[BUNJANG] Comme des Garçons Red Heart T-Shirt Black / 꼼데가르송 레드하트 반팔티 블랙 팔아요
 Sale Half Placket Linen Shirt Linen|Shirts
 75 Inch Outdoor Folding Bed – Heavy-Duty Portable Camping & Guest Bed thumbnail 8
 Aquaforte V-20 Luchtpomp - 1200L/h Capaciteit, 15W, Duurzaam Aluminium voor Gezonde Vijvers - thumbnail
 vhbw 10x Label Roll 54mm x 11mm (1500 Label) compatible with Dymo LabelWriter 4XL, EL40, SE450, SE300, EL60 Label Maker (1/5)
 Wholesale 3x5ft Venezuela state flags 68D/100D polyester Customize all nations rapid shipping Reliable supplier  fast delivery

-----

WHAT YOU SHOULD DO
Please give again, word for word, only the lines from the one holding "Aquaforte V-20 Luchtpomp" through the end of the listing above.

ANSWER BOX
 Aquaforte V-20 Luchtpomp - 1200L/h Capaciteit, 15W, Duurzaam Aluminium voor Gezonde Vijvers - thumbnail
 vhbw 10x Label Roll 54mm x 11mm (1500 Label) compatible with Dymo LabelWriter 4XL, EL40, SE450, SE300, EL60 Label Maker (1/5)
 Wholesale 3x5ft Venezuela state flags 68D/100D polyester Customize all nations rapid shipping Reliable supplier  fast delivery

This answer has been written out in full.